Required work: Within the material below, transcribe exactly the lines from the one holding "Image 1 of Beige khimar" through the one holding "Used 2024 Nissan Sentra SV image 25", keeping both ends and skipping the rest.

Material provided:

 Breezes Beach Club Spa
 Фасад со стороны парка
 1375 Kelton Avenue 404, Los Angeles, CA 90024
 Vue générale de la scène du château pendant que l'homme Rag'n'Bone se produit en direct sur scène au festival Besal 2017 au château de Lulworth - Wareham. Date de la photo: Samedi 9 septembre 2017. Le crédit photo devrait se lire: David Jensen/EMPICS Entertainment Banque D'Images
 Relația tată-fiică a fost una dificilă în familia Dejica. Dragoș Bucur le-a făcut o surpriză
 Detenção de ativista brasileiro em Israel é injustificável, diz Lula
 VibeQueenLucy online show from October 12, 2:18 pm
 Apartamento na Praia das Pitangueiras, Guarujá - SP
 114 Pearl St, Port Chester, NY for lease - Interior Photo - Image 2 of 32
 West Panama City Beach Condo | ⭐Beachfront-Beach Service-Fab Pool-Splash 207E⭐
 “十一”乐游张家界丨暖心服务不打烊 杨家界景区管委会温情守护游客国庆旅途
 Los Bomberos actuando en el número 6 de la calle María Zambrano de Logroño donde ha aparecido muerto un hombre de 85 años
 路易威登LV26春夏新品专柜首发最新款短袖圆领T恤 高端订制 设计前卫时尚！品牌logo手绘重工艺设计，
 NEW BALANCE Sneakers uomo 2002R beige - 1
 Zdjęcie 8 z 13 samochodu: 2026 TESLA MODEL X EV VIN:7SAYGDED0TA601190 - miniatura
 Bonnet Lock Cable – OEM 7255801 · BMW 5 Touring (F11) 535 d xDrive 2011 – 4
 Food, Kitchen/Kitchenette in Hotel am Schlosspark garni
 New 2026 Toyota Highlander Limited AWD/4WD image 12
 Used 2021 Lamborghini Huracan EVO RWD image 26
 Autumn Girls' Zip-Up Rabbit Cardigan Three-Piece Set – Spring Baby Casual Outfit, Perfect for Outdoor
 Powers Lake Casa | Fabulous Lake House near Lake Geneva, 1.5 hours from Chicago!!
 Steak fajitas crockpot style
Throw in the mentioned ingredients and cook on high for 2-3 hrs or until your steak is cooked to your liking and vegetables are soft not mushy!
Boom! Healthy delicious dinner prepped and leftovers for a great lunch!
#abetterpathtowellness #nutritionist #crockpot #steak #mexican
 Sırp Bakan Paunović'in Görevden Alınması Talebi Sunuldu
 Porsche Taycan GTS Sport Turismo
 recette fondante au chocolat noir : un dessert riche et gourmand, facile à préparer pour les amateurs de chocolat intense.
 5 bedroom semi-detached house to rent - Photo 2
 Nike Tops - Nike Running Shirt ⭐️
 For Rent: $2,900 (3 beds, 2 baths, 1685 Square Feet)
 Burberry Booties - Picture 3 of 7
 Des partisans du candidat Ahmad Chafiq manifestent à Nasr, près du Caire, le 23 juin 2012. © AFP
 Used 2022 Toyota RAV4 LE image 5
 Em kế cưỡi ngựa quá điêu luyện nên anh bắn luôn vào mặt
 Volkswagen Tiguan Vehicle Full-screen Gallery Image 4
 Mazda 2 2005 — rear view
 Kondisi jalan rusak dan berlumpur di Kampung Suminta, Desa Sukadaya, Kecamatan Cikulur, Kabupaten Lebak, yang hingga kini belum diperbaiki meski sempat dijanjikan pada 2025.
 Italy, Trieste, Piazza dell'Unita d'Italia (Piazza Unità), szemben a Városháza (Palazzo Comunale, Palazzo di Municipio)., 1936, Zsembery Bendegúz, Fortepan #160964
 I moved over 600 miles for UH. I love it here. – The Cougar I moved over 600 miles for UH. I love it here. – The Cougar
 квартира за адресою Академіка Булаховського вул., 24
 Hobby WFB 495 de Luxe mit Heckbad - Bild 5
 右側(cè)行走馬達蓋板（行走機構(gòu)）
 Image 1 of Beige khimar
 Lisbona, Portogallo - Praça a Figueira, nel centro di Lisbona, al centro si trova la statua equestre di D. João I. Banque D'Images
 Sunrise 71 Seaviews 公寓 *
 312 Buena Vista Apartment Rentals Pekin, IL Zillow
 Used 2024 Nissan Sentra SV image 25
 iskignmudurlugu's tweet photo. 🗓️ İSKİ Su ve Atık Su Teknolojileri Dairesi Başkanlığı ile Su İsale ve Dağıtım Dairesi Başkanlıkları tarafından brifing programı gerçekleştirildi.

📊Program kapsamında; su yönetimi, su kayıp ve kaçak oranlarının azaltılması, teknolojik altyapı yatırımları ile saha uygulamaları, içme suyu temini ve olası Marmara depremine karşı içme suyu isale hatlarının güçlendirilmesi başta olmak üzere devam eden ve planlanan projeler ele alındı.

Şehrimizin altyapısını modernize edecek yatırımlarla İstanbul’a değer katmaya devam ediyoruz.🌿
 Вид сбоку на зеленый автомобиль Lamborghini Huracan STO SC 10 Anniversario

Your solution:
 Image 1 of Beige khimar
 Lisbona, Portogallo - Praça a Figueira, nel centro di Lisbona, al centro si trova la statua equestre di D. João I. Banque D'Images
 Sunrise 71 Seaviews 公寓 *
 312 Buena Vista Apartment Rentals Pekin, IL Zillow
 Used 2024 Nissan Sentra SV image 25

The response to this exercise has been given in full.